::: INFORMATION PROVIDED

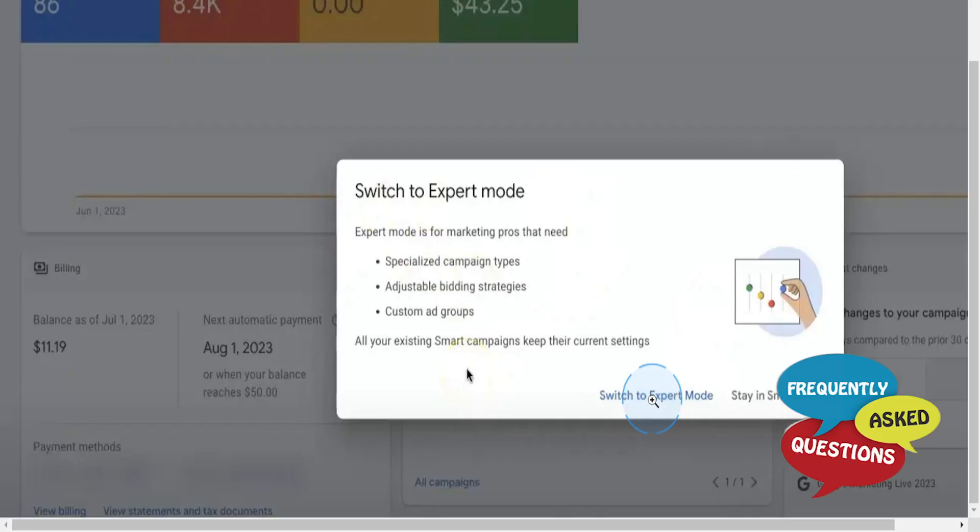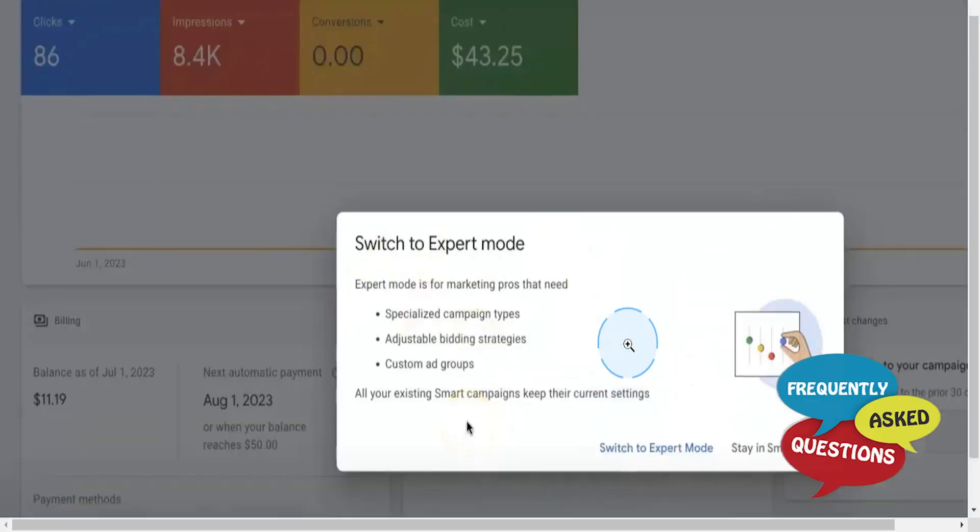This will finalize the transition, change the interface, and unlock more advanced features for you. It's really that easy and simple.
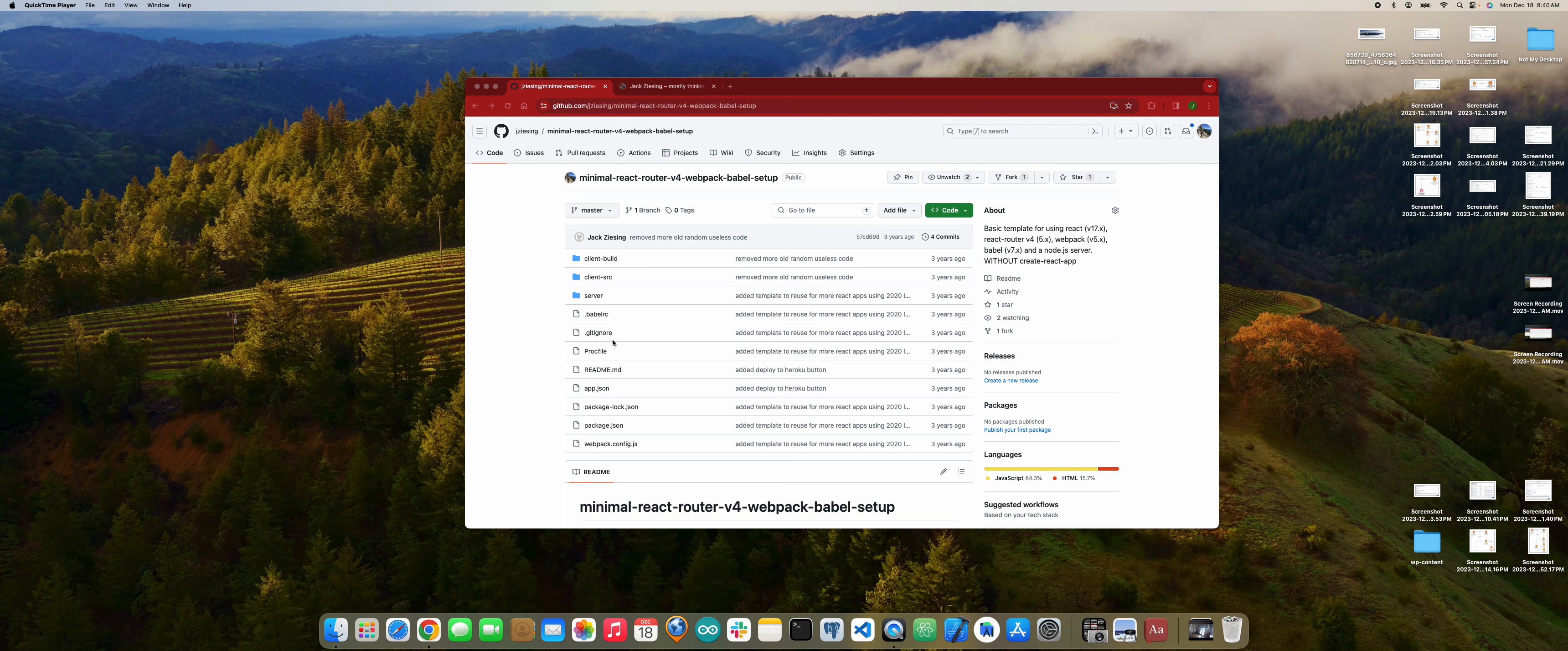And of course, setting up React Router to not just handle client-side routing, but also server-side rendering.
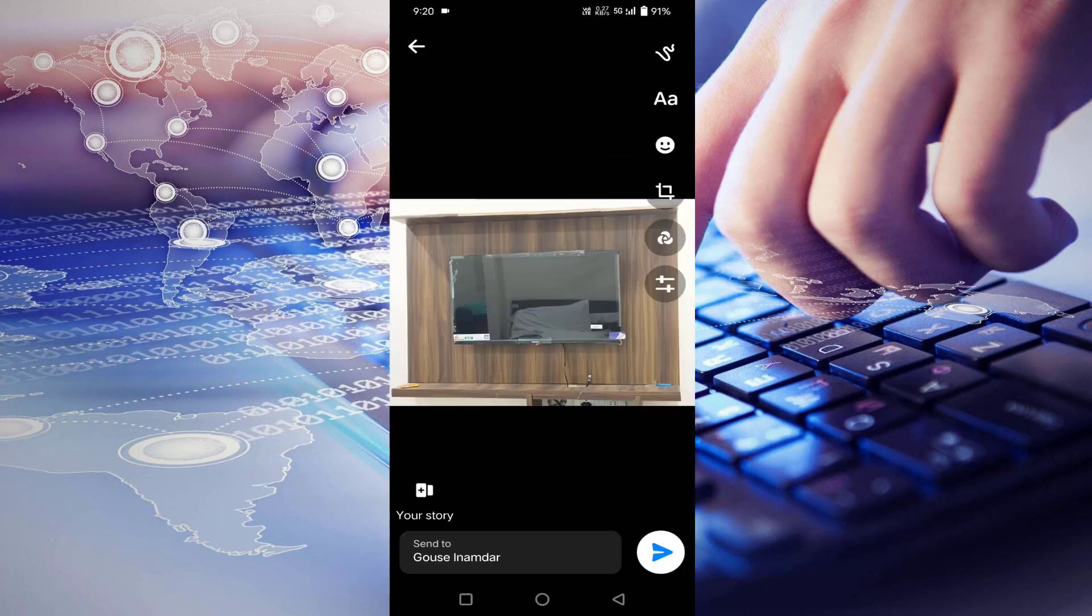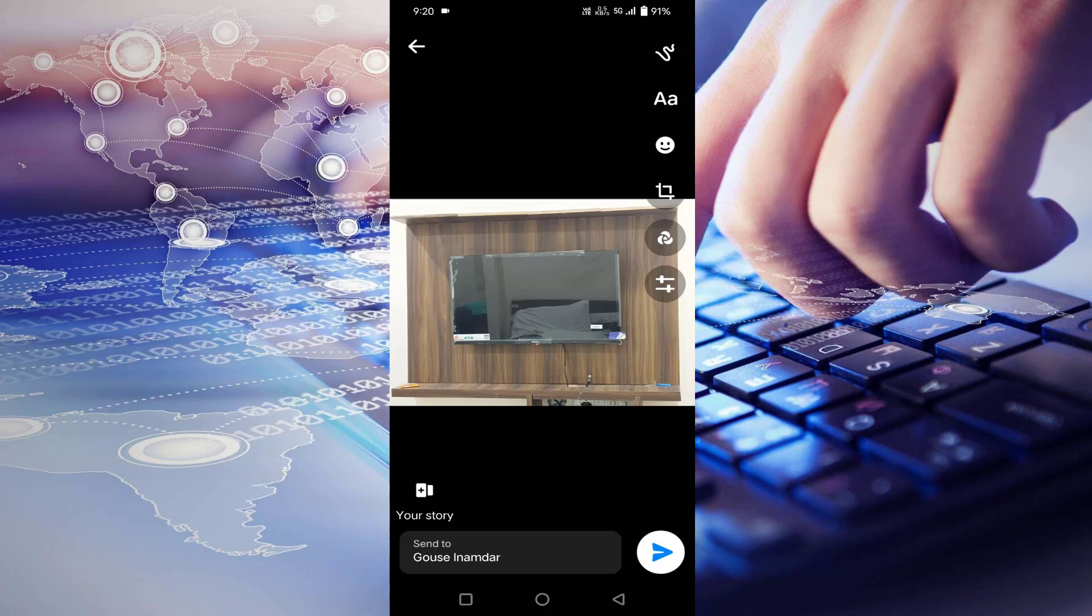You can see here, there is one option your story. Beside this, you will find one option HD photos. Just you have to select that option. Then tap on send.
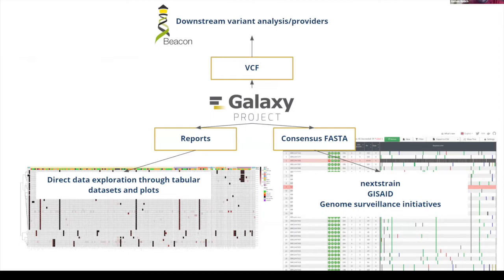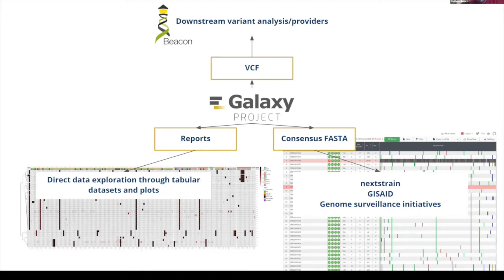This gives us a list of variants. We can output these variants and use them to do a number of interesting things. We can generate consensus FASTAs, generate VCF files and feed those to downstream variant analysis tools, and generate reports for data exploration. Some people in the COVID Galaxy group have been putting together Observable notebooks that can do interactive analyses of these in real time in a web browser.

::::::
::: INFORMATION PROVIDED

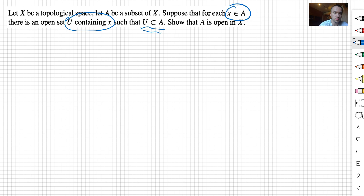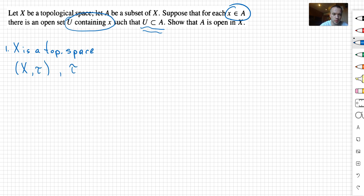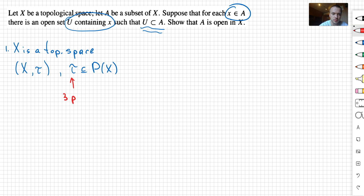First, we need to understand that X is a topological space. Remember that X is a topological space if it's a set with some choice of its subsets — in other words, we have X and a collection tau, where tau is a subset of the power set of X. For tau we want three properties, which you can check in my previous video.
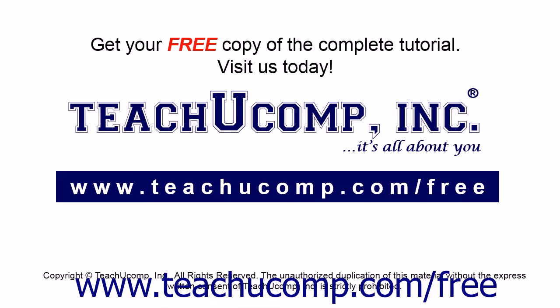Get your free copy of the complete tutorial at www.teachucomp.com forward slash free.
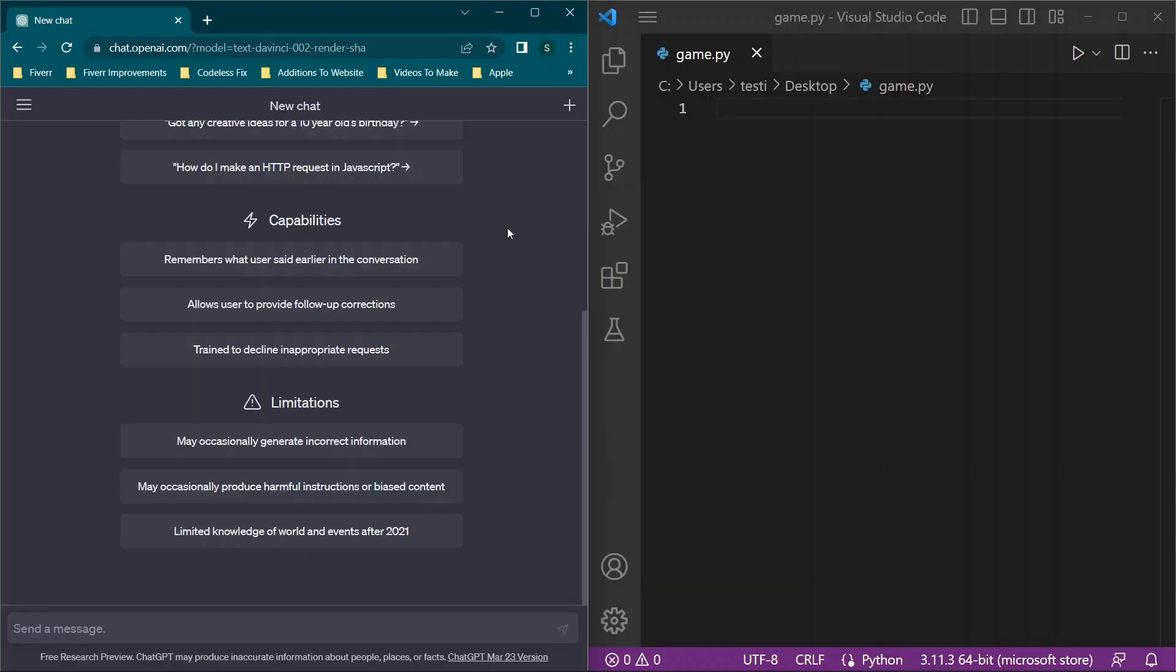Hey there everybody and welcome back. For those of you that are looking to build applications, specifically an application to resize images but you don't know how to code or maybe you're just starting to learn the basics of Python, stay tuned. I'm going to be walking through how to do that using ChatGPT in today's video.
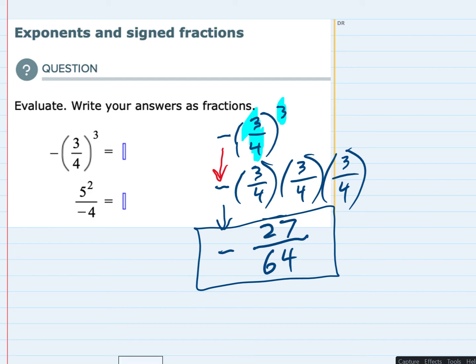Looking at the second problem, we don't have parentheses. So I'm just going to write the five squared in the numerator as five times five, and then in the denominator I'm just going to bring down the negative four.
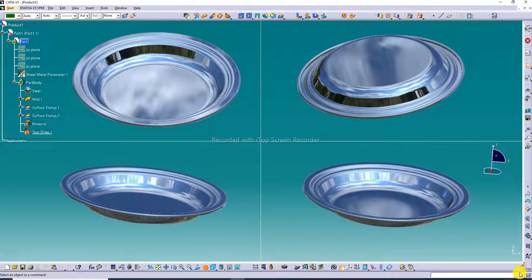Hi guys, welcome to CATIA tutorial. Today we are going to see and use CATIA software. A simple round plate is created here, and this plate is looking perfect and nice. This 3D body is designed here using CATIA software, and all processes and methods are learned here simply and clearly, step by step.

::::::

Retype only the lines above from the one with "And of course, setting" through the one with "This gives us", exactly and with both ends. Images stay out.

And of course, setting up React Router to not just handle client-side routing, but also server-side rendering.
You can see here, there is one option your story. Beside this, you will find one option HD photos. Just you have to select that option. Then tap on send.
This gives us a list of variants. We can output these variants and use them to do a number of interesting things. We can generate consensus FASTAs, generate VCF files and feed those to downstream variant analysis tools, and generate reports for data exploration. Some people in the COVID Galaxy group have been putting together Observable notebooks that can do interactive analyses of these in real time in a web browser.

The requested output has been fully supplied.